Page's examination is chronological, with all the strengths and weaknesses that come with this approach. In the nineteenth century, destruction typically took the form of some sort of natural disaster, a modern-day biblical cleansing that would wipe away the sins Americans already associated with Gotham. By the early twentieth century, some authors offered social criticisms as well as moral ones, as did W. E. B. Du Bois when he penned a short story that used the survival of a black man and a white woman to make a broader statement about racism. The destruction of the city was also sometimes accomplished at the hands of an foreign attacker, a useful way of making political points about preparedness and vulnerability. By the 1960s, the sense of urban crisis came to predominate in many depictions, suggesting that its destruction would come from within rather than without. Though the attacks of September 11 brought a temporary moratorium on such explorations, it was not long before the city was being flooded, frozen, and smashed once again, demonstrating that as long as New York remained America's premier metropolis it would be continued to be targeted by writers, artists, and film makers.

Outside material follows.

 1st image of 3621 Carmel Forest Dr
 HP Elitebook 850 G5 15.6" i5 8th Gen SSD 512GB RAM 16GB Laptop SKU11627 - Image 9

Broad ranging and generously supplemented with illustrations, Page's book is an interesting examination of the meaning behind fictional destruction of New York. The September 11 attacks loom large within his analysis as an intersection between life and the theme of the works in his study, suggesting just how much of our fixation on this day was rooted in the longstanding fixation he examines. Yet his focus is somewhat idiosyncratic, as he excludes many relevant works (such as Whitley Strieber and James Kunetka's novel Warday) while important historical events such as the burning of the city during the American Revolution -- seemingly relevant given the author's focus -- barely rate a mention. As a result the book ultimately proves to be something of a disappointment; while readers interested in New York City or disaster fiction with find points of interest in it, most will finish it wanting more than what Page offers, which is a shame given the promise of his topic.